● **Material shown**:
-=-=-=-=-

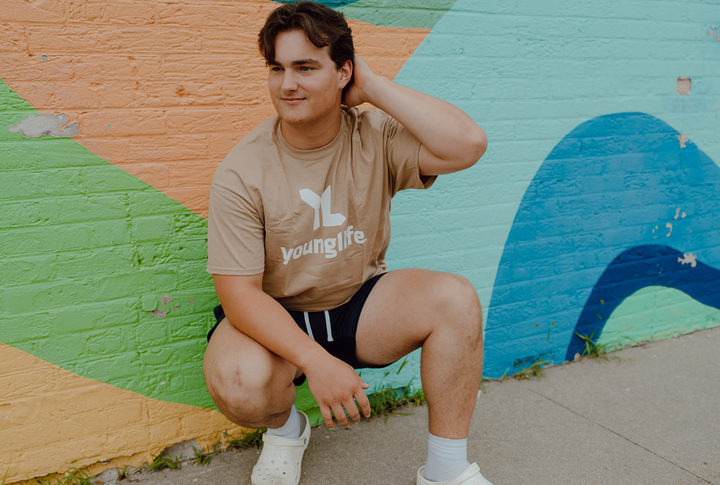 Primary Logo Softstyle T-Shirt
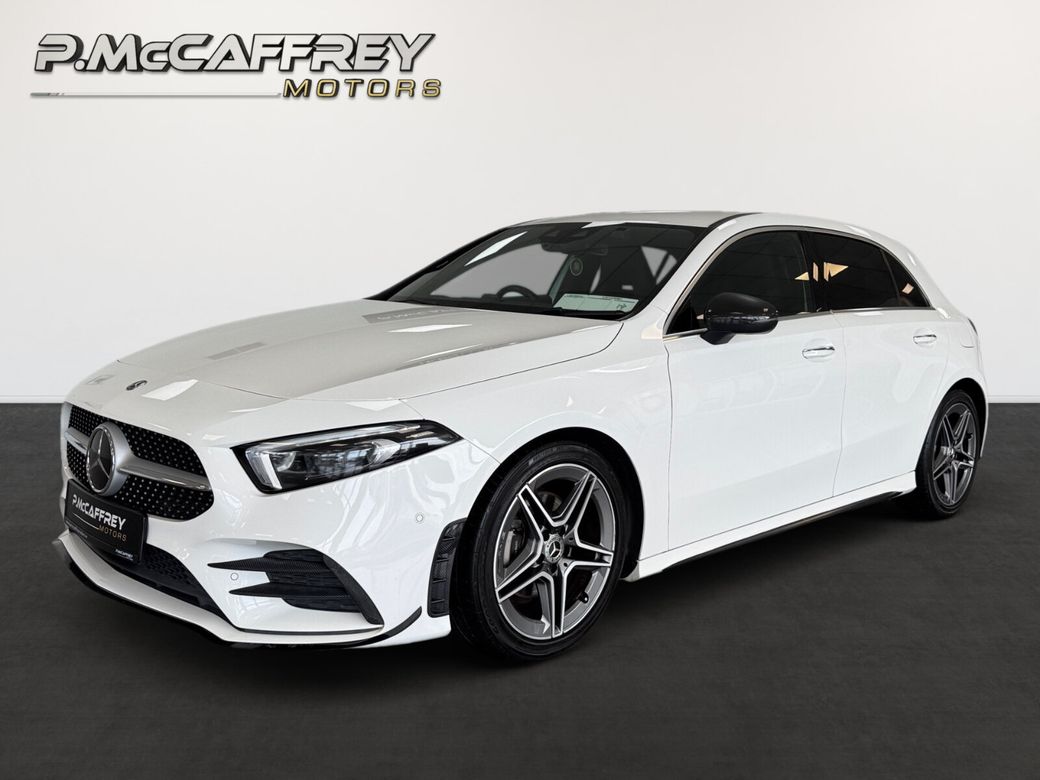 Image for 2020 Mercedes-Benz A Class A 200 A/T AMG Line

-=-=-=-=-

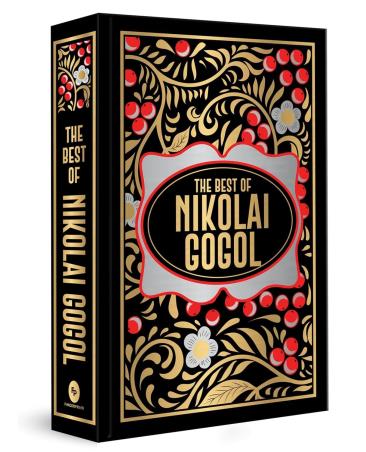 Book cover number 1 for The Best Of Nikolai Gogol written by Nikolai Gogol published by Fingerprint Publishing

-=-=-=-=-

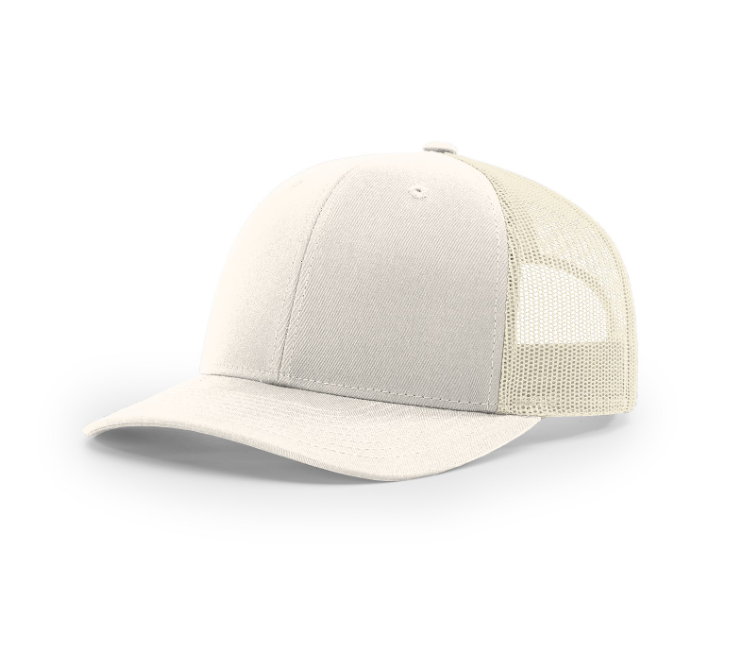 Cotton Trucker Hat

-=-=-=-=-

Starting at the line containing "Primary Logo Softstyle T-Shirt" and finishing at the line containing "Image for 2020", return those lines exactly as they appear above, without the pictures.

 Primary Logo Softstyle T-Shirt
 Image for 2020 Mercedes-Benz A Class A 200 A/T AMG Line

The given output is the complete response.